← Back to context

Comment by 9cb14c1ec0

18 hours ago

Ok, real question. What products are people actually building with agent frameworks? I get the utility of AI coding tools and generic chat apps, but that is the extent of utility that I've been able to get from AI. I'm looking for examples that are real businesses, not toys.

I use a custom framework for creating basic but useful tools that work with sensitive data. There are cases in my organization where I like the idea of people using Claude or similar to assist with a process, but Claude Desktop or Claude Code doesn't offer the safety or security we need (in part because the people using it are unconstrained, in part because the harnesses aren't perfect and the LLMs can make bad choices).

This provides a harness that's a state machine with very explicit directives, and it uses Deno as the runtime to constrain network, filesystem, environment, and other types of access at runtime as needed.

Kind of like using skills in Claude Code to teach it how to do something, but with extremely tight guard rails. Like, you can only write a specific file when in a specific state, otherwise that tool isn't even callable.

It requires understanding the problem that's being solved quite well. This often leads to realizing it can be automated without a harness. Finding cases where an LLM is genuinely crucial to enabling the automation is difficult.

A good example of one recently was getting a local LLM to define schemas for an internal tool based on existing research data. It looks at the data, figures out the semantics of the data, relationships, and how that maps to the target schema. This is impossible to automate without this semantic inference. It then uses duckdb to perform transformations from raw data to the appropriate schema, and finally, tests the schema in the validator with the data. It makes a very complex, often unappealing and confusing process very easy. Once it's done, the data is in better shape than we ever got it to by hand. This is partially because of a validator I created, but also because the LLM can identify patterns really well and retain a massive spec while it works.

You could do it with all kinds of existing harnesses but this one lets us comfortably define processes we trust and lets us operate on data our partners would never allow into the cloud or on OpenAI/Anthropic's servers in particular.
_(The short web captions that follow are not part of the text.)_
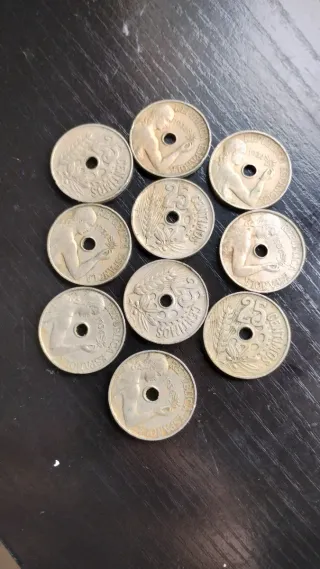 Monedas 25 céntimos República Española 1934
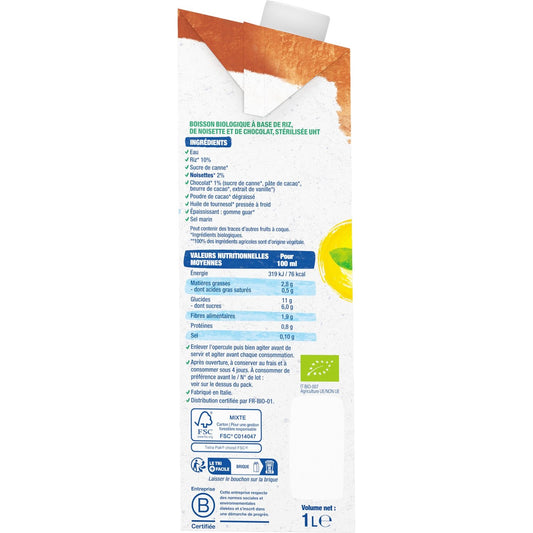 BJORG Organic Rice Choco Hazelnut Vegetable Drink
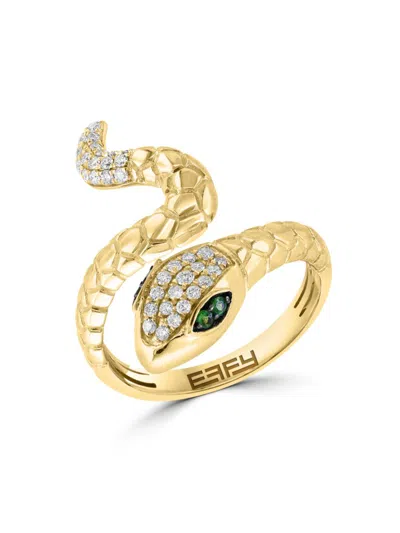 Effy Women's 14k Yellow Gold, Tsavorite & Diamond Snake Ring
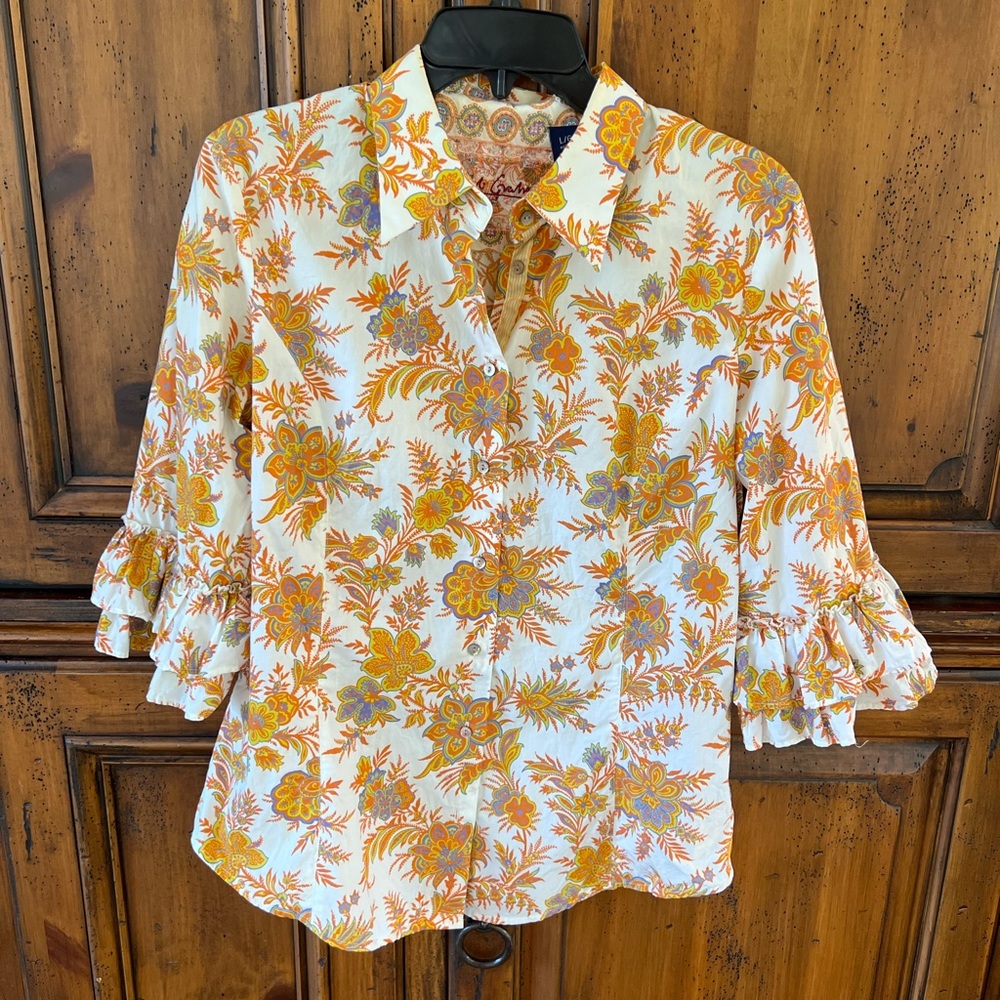 Robert Graham Floral Ruffle Sleeve Button-Up Cotton Blouse
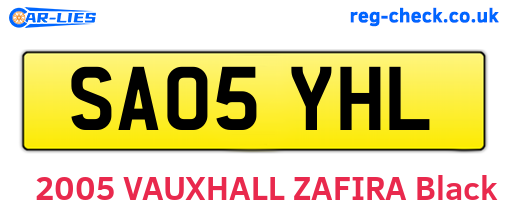 SA05YHL are the vehicle registration plates.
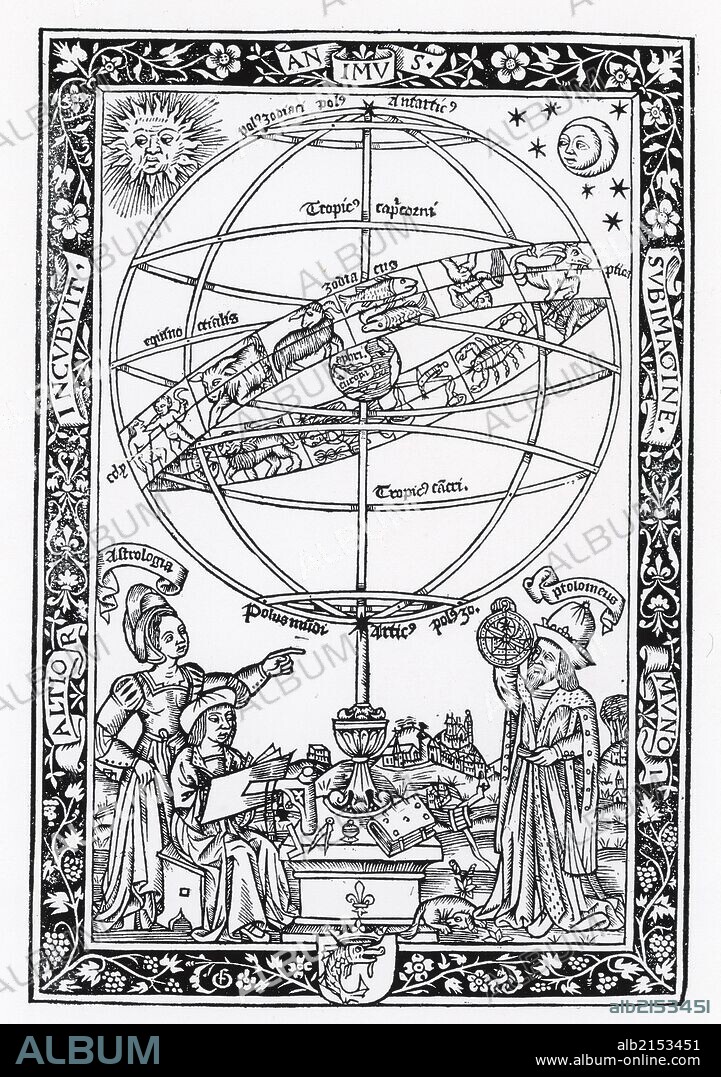 Urania, Muse of Astronomy, left, and Ptolemy using astrolabe, left. Woodcut 1521. (Photo by: Universal History Archive/UIG via Getty Images).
> I'm looking for examples that are real businesses, not toys.

These tools are used within a real business (specifically a coastal science NGO) and they aren't toys, so hopefully that's useful information. Based on my experience so far, and it could be my lack of imagination, I have no idea how you'd use these as the foundation for a business. I find more cases that can be automated without an LLM than I do with one, and they tend to be so niche and strange that no one else would ever need them and they can't be generalized.

We're building https://brooked.io/. In the same way that Cursor provides a lot of features on top of the base agents, we want to do the same for spreadsheets. There are many workflows that benefit from having an agent available - resolving cell values from a prompt, writing functions, sheet insights, alerting, debugging.